The Independent Grocers Alliance aims to make it easier and cheaper for independents to serve up in-store promotions.
The network of independent supermarkets announced Monday that it acquired Inmar’s Scanner Applications, a media company that sets up scanned-based retail promotions, adjudicates claims, provides analytics and offers fraud control. IGA said that scan-based offers do not compete with trade funds and instead let brands boost sales across retailers of all sizes by giving discounts only to shoppers who bought during the promotional period.
IGA has worked with Scanner Applications since launching its Retail Media Network roughly eight years ago.
Scanner Applications will be known as ScanApps going forward, and its workers will join the IGA portfolio of companies.
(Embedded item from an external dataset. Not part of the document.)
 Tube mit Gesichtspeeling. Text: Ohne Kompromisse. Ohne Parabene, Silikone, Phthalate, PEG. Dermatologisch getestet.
IGA said it does not expect operational changes to the media company, though brands and retailers will likely see new products soon.
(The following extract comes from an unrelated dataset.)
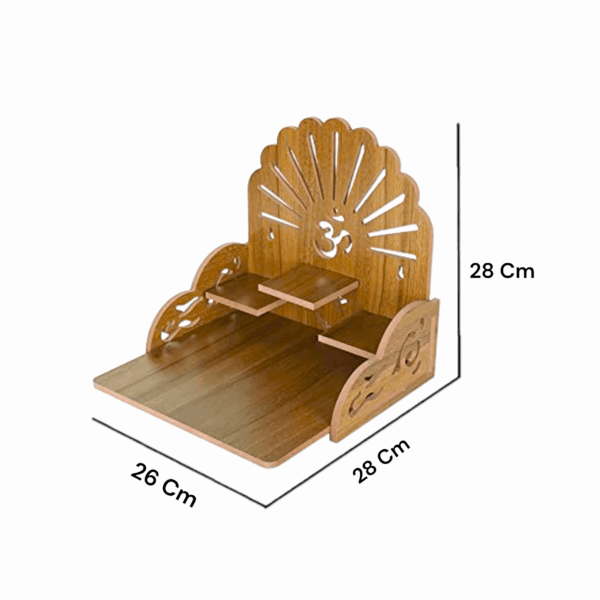 Readymade Wall Mounted Hanging Puja Temple For Home - Wooden Devghar Stand - God Stand For Pooja Room, Shop & Office - Image 3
“Independent chains like IGA … have real power in their ‘hyper-local’ focus, but our individuality often makes it hard for brands to reach our shoppers,” IGA CEO John Ross said in the emailed announcement.
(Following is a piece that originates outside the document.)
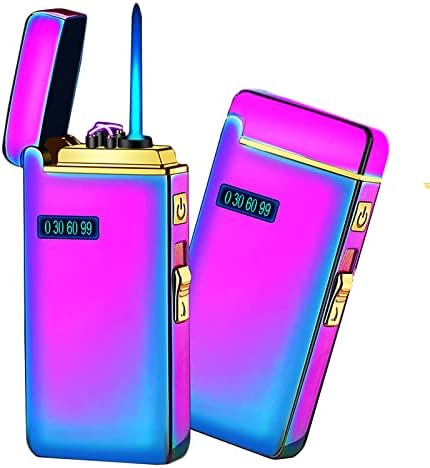 Arc Lighter, Jet Flame Torch Lighter Electric Lighter Refillable Butane 2 in 1, USB Rechargeable Lighter with Windproof Infinity Lighter for Cigar,BBQs,Fireworks,Candle,Camping (Color Ice)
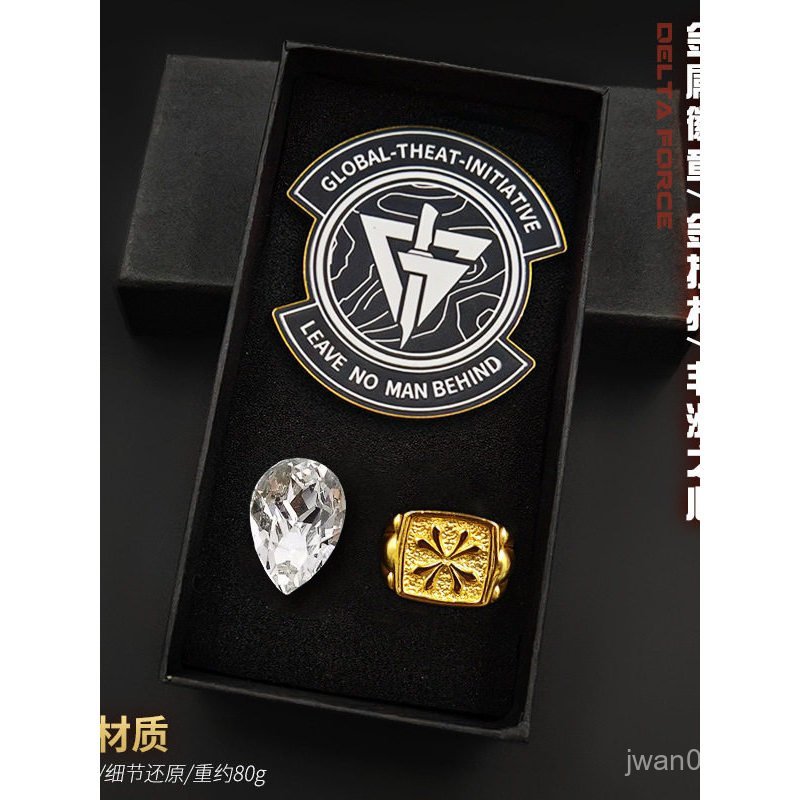 Figurinha da Delta Force, distintivo da Mandel Brick Guard, anel de ouro, Coração da África, presente de aniversário ver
Ross noted that the complexity of loading promotions and serving advertisements efficiently across thousands of different stores causes independent shoppers to miss out on savings that shoppers at larger retailers can access.
Because shoppers at independent grocers are more brand loyal and more likely to respond to promotions, brands that work with ScanApps will likely have a high ROI, Ross said. With ScanApps, a brand can pick its target audience and run an offer right on the grocery store shelf “without worrying about technology, platforms, or point-of-sale systems,” Ross said.
IGA said it will start integrating more ScanApps offers into the existing IGA digital ad.
IGA, the world's largest voluntary supermarket network, includes more than 6,300 stores globally, with 2,100 in the U.S.
IGA noted that the ScanApps purchase is the latest in a string of acquisitions meant to boost membership in the supermarket network, following the 2020 purchase of ADvay Media Group to make advertising and marketing solutions more affordable and the 2023 acquisition of marketing consultancy firm What Brands Want, which focuses on shopper marketing and brand strategy.